Re: discovering code points with embedded nulls

From: Otto Stolz (Otto.Stolz@uni-konstanz.de)
Date: Wed Feb 05 2003 - 13:43:25 EST

Next message: Asmus Freytag: "Re: VS vs. P14 (was Re: Indic Devanagari Query)"

Previous message: Marco Cimarosti: "RE: discovering code points with embedded nulls"
In reply to: Erik.Ostermueller@alltel.com: "discovering code points with embedded nulls"
Next in thread: Erik.Ostermueller@alltel.com: "RE: discovering code points with embedded nulls"
Messages sorted by: [ date ] [ thread ] [ subject ] [ author ] [ attachment ]
Mail actions: [ respond to this message ] [ mail a new topic ]

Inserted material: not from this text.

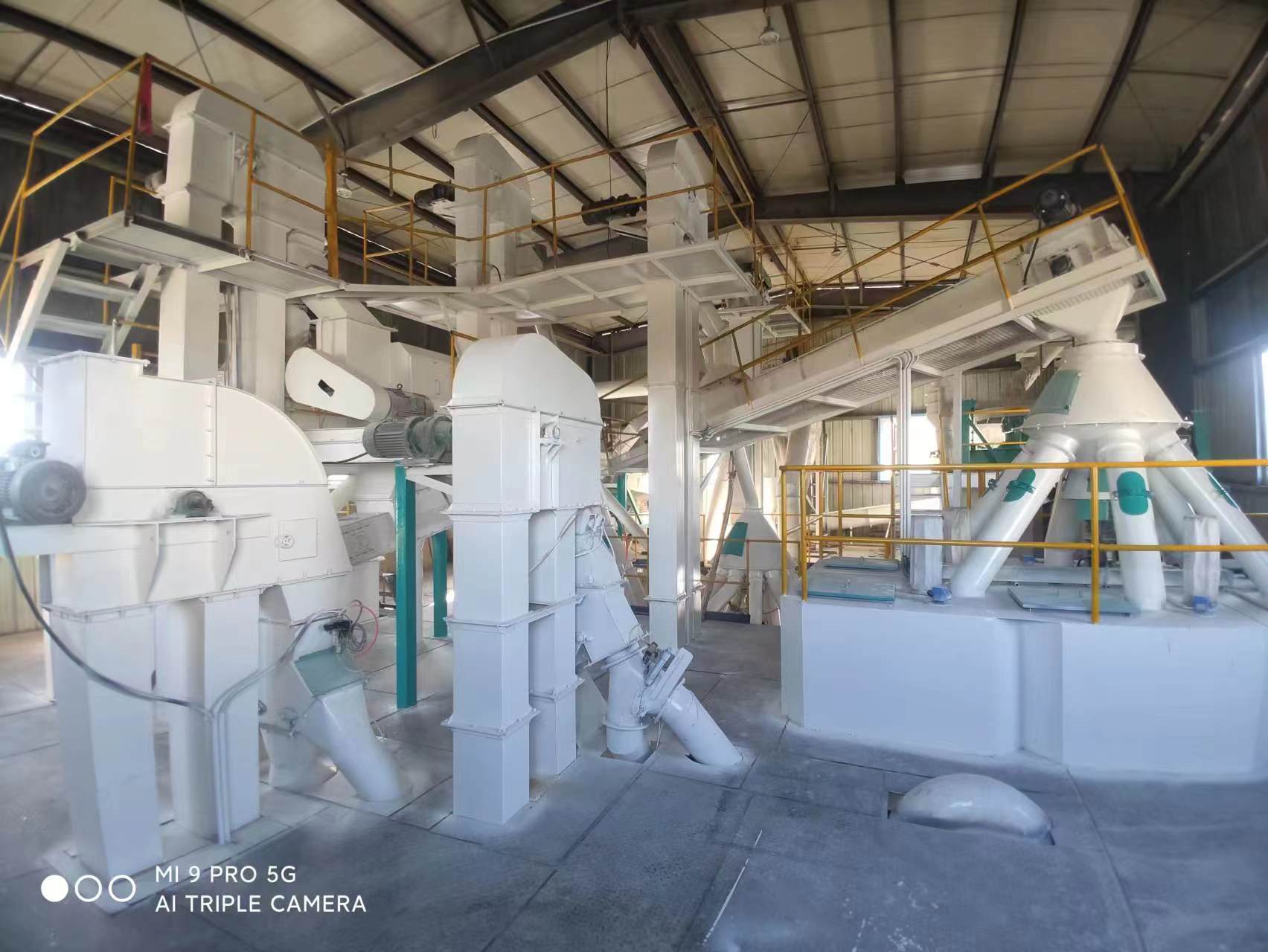 美高梅MGM1888时产25吨颗粒生产线刷新升级顺遂投产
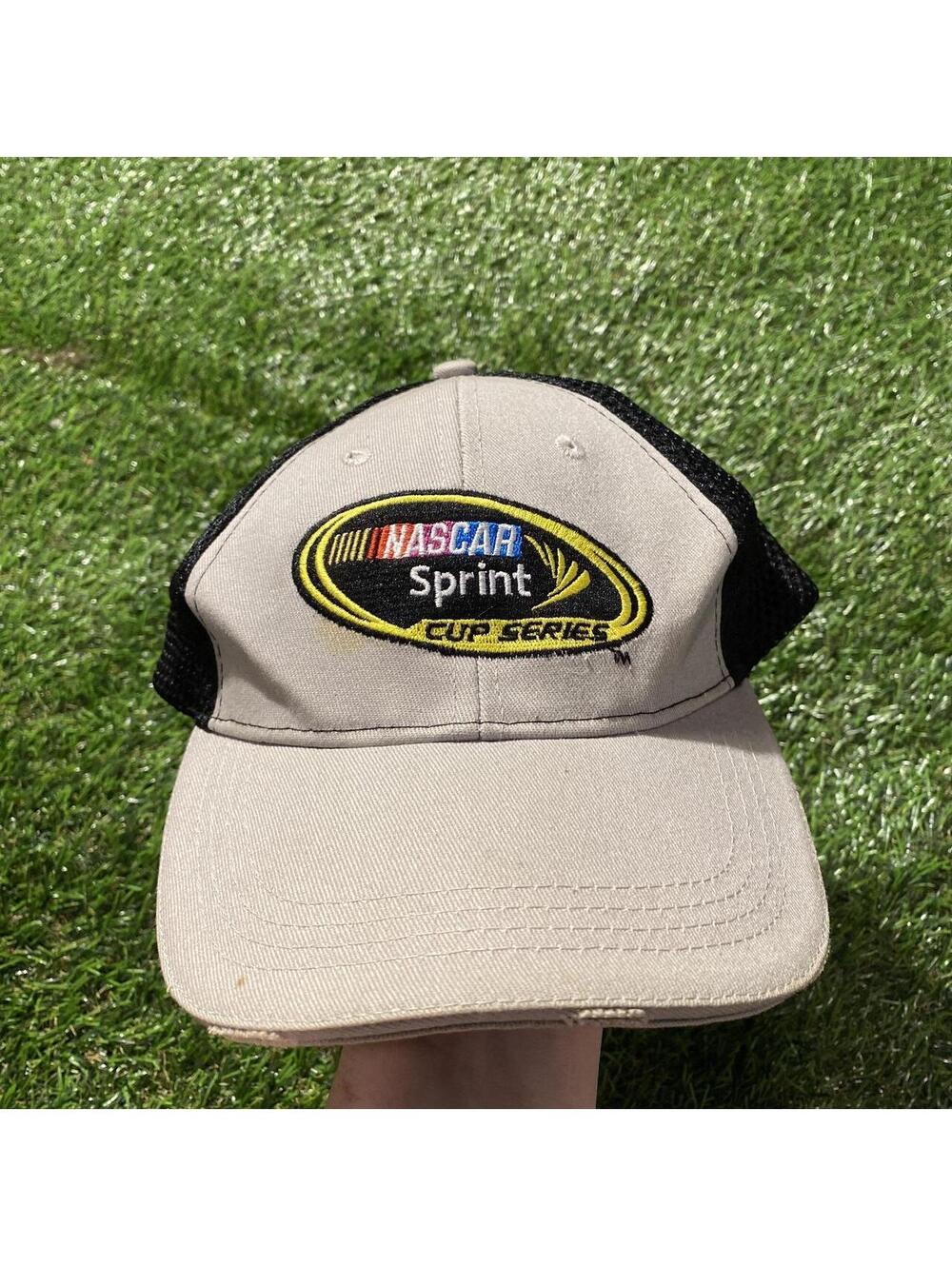 NASCAR 2012 Sprint Cup Series grey & black baseball cap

> I'm dealing with an API that claims it doesn't support unicode characters with embedded nulls.
...

> Test all constituent bytes for 0x00.

This depends on the encoding form you are using (and the API is expecting):

- UTF-8 encodes a Unicode string into a sequence of bytes;
this sequence contains no 0x00 bytes.
Btw., ASCII characters are encoded the same way as in ASCII.

- UTF-16 encodes a Unicode string into a sequence of 16-bit units,
   hence it makes no sense to look at this encoding bytewise.
   If you nevertheless treat a 16-bit unit as a sequence of two bytes
   (repeat: this is a no-no), then you will most probably find
   0x00 bytes therein; in particular, every ASCII character is
   encoded as a sequence of the respective ASCII byte and a 0x00 byte
   (both orders are possible, cf.
<http://www.unicode.org/faq/utf_bom.html>).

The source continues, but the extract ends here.